香港で2000年02月24日から毎日綴り始めた日記ブログ 現在は身在日本

農歴五月初一。夕方驟雨。ジム。Z嬢と尖沙咀に待ち合せ寿司亭なる回転寿司に食を済ませ香港文化中心にてDaniel楊春江君の舞踏「形亡極樂」観る。二年前に哥仔戯なる舞台演じた折の楊君はまだ現世にて踊っていたが今回二年を経て(宣伝用の写真(右→)はまるで今様の青年ながら)今晩開場となり客席に入れば舞台には全裸に半透明のビニール質の衣装といふのだろうか(ちなみに衣装設計は余の旧知のSilvio Chan君)被って立っている姿は剃髪にすっかり身体の贅肉削ぎ落され禅宗の仏像の如し。顔の形相まるで別人。踊り始めれば瘠せても見事な筋肉に躍動感あり思考ならも一切の余計なるもの落ちて楊君が舞踏の中ですでに解脱の域にと達せしこと感じ入る。見事。最後宙乗りにて昇天する姿はもはや極楽浄土。偶然にも今日の朝日衛星版に舞踏で横浜で大野一雄先生のフェスティバル開催の記事あり。五十年代にモダンダンスしていた頃の大野先生の珍しき非常に可愛らしき写真あり。余の書斎には大野先生来港の折に頂いた「ラ・アルヘンチーナ頌」の写真あり(写真)、見上げる。楊春江君の舞踏見終り香港島に渡るスターフェリーで客席の片隅にひっそりと隠れた一人用の席を発見(写真)。誰がこんな隅に坐ろうか。なにか「ちょっと事情ありそうな」味わいのある席。帰宅してキース=ジャレットのケルンコンサート聞きGlenmorangieの1975年のモルト飲む。この年、先々代の三津五郎が河豚にあたり亡くなり北の湖全盛のなか貴ノ花悲願の優勝、広島赤ヘル、沖縄海洋博からもう三十年。朝日に夕陽妄語加藤周一先生「また9条」と現行憲法とこの9条の大切さ、いかにこれが歴史的使命果してきて今後も指標となるかを説く。この昭和代表する碩学の言葉を若き誰もが聞かず。

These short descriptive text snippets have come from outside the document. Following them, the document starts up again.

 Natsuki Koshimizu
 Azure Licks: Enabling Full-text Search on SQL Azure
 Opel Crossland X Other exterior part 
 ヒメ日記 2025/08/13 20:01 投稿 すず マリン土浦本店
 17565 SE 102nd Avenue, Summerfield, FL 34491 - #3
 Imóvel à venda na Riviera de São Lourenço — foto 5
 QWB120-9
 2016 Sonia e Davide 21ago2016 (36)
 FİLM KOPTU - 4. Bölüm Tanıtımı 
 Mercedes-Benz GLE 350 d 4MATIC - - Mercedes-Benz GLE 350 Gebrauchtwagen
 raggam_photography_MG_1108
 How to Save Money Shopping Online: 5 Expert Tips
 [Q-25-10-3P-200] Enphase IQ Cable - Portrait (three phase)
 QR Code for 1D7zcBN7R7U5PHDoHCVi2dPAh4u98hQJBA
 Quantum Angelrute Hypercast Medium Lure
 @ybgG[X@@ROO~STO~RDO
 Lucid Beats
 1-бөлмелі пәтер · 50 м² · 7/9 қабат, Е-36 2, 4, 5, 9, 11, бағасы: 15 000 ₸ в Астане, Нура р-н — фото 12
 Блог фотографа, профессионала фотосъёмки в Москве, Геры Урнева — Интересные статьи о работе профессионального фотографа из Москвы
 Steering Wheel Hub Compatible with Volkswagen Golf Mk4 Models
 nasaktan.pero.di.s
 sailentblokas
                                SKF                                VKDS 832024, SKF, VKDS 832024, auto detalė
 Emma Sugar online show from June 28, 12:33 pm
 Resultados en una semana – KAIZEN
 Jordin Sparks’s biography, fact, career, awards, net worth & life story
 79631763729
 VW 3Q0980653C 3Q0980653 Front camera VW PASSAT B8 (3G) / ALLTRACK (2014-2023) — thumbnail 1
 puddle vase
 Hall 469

▼昨年の七月一日のデモに「何十万人がデモで反対しようと二十三条立法はできる」と豪語せし親中派にて香港政府御用政党の民建連の前・主席曾玉成君、あれから一年、民建連の区議選での惨敗で党主席辞任、昨日のシンポジウムにて北京中央による07年の行政長官、08年の立法会選挙での普通選挙実施の否決が9月の立法会選挙では民建連が取込むべき中間票民主派に流れコアな支持層の票は急進的親中政党に流れ結局民建連が追い遣られる結果になる、と心情をば吐露。昨年の七月朔日以来来港の中央政府関係者に香港での普通選挙実施の必要性説いたが聞入られず、と。曾君に一年前の不貞不貞しさの影もなく悲壮感。諸行無常
▼低視聴率が懸念されるNHK来年の大河ドラマ義経」。今年の「新撰組!」の惨澹たる状況でのテコ入れにて渡哲也先生と松坂慶子先生の大物起用でアトはヒロイン役だけが暗礁に乗り上げていると「言われている」がヒロインはすでに石原さとみ嬢に決定してる、と東都の事情通某君より。石原嬢といへば熱心な創価学会の信者だそうで主演の滝沢君も創価学会といふ噂もあり。興味深きことは原作者宮尾登美子先生の「強い要望」によって俳優・小泉孝太郎君、まだ芸能界にいたのか……といふのが素直な感想だが、が平某役でレギュラー獲得。父上が宮尾先生の携帯に自ら電話を入れてお礼を申し述べたという往年の『噂の真相』の如き風説もあり。これがもし本当なら来年の大河は強力な自公体制。これこそ政界のまさに大河ドラマ。ある程度の視聴率も期待。自公となると脚本のノリは「国を愛する」がゆへに国を変えるために若い命を捧げ大志叶うことなく死んでゆく「海ゆかば」の如き義経。興味深し。義経海ゆかば、なら日本海をば大陸に渡ったといふ義経神話にもつながるか。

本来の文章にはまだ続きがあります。